BRIEF DESCRIPTION OF THE DRAWINGS FIG. 1 is a block diagram showing a configuration of the present invention, FIGS. 2 to 6 relate to a combustion control device for a water heater according to an embodiment of the present invention, and FIG. 2 shows the present invention. FIG. 3 is a block circuit diagram of a water heater applied, FIG. 3 is a block diagram of a combustion control device for a water heater according to an embodiment of the present invention, FIG. 4 is an explanatory diagram of differential constant switching, FIG. 5 is a flowchart, and FIG. Is the time chart, 7th
9 to 10 relate to a conventional example, FIG. 7 is a flowchart, and FIGS. 8 and 9 are time charts. 4 ... Fuel control valve 17 ... Target temperature setting means 18 ... Hot water temperature detection means 24 ... D operation control means 25 ... PID control means 27 ... Differential constant switching means

Claims (1)

[Claims] 1. A target temperature setting means for the outlet heated water temperature,
The outlet temperature of the fuel control valve is calculated based on the deviation between the target temperature signal from the outlet temperature detecting means, the target temperature signal from the target temperature setting means, and the detected temperature signal from the outlet temperature detecting means.

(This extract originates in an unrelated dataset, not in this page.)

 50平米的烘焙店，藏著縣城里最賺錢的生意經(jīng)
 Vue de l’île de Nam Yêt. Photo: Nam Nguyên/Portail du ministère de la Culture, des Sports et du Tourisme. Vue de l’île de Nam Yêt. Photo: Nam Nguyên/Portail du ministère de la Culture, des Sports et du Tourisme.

In a combustion control device for a water heater provided with a PID control means for outputting the differential constant of the D operation control means in the PID control means, when the deviation is a predetermined value or less, to a differential constant of substantially zero, A combustion control device for a water heater, comprising differential constant switching means for switching to a differential constant that is substantially not zero when the deviation exceeds a predetermined value.